Posted: Sat Mar 25, 2006 10:01 pm
by Wayland2002
Gail Horn wrote: Did Wayland ever get his band going? Come on, I need to know!


Not exactly, Sir Fletcher and myself did record some "music"....you may have heard it at WEC.....The Fletch Pistols.

More seriously though I am waiting for a couple of cornamuses to be delivered

Posted: Fri Apr 14, 2006 7:01 am
by Gail Horn
Is the gestation period for cornamuses very long, then? :D

Posted: Fri Apr 14, 2006 10:31 am
by Cream-T
Schouldn't that be "cornami"? ;)

Posted: Fri Apr 14, 2006 10:55 am
by Gail Horn
Good point, that! Mind you, it depends on whether the root is Latin or Greek as to what the plural actually works out to be. Do you pronounce the word corn - amuses or cor - namusses??

Posted: Mon Apr 17, 2006 12:14 pm
by Jane
Hi

As someone who makes renaissance woodwind instruments, I am pleased to inform you that the plural of cornamuse is cornamusen. The origin of the word is Italian - corn for reed and musa for pipe. Hope that helps!

Posted: Mon Apr 17, 2006 2:25 pm
by Gail Horn
Thanks for that - do you know how to pronounce it, by the way? It'll be one of those things that gets up and attacks me at stupid o'clock in the morning, otherwise! :D

Posted: Mon Apr 17, 2006 2:49 pm
by Jane
I'm sorry that I'm no good with my phonetic alphabet but an idiots guide is "corna" (as in the cereal product) coupled with "muse" or "musa" (as in poetic inspiration).

Posted: Mon Apr 17, 2006 3:08 pm
by Gail Horn
Hmm! So 'corn - amuse' (as in ha, ha laugh!) would seem to be a good bet, then! Thanks for the help.

Re: Bombardes - bombardment

Posted: Sat May 06, 2006 10:20 am
by black cat
deBoissey, know what you mean about the noisy bit. I try to practice the highland bagpipes at home. My fiance walks out. Have to close all doors, windows, and even then need ear plugs. The plugs soften the sound abit so you don't damage your ears. Just have to get everyone else in the house to wear them to. Or practice on a open area of land. With the wind in the right direction the sound travels for miles!
Recently took up medival small pipes (which are alot quiter)and bombarde (still having trouble with fingering). Coupled with the Bassoon (flatulating bed post), double reeds seem to have dominated my life for the last 10 years. Took Bassoon to Tewkesbury last year cos had an exam on the monday after. Sweated so much trying to practice in a tent, think I lost a stone.
In modern terms, often bombardes are played along side highland bagpipes in groups often known as Bagad.

With the highland pipes it's quite easy to practice quietly with a practice chanter or electric chanter. When is someone going to develope a practice bombarde?

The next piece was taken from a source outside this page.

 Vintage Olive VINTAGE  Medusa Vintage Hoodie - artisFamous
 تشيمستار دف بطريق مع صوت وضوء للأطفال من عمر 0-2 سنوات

Tried fitting a plastic reed into my bombarde, but it just does not support the tone. Still trying to find a way. I think it's all to do with the reed. The harder the reed the harder it is to blow and often the louder and shriller the sound.
It's hard but it seems a shame to give up after all your hard work to get their in the first place!

Have thought about taking highland pipes to Bosworth this year, but don't think anyone would appreciate that.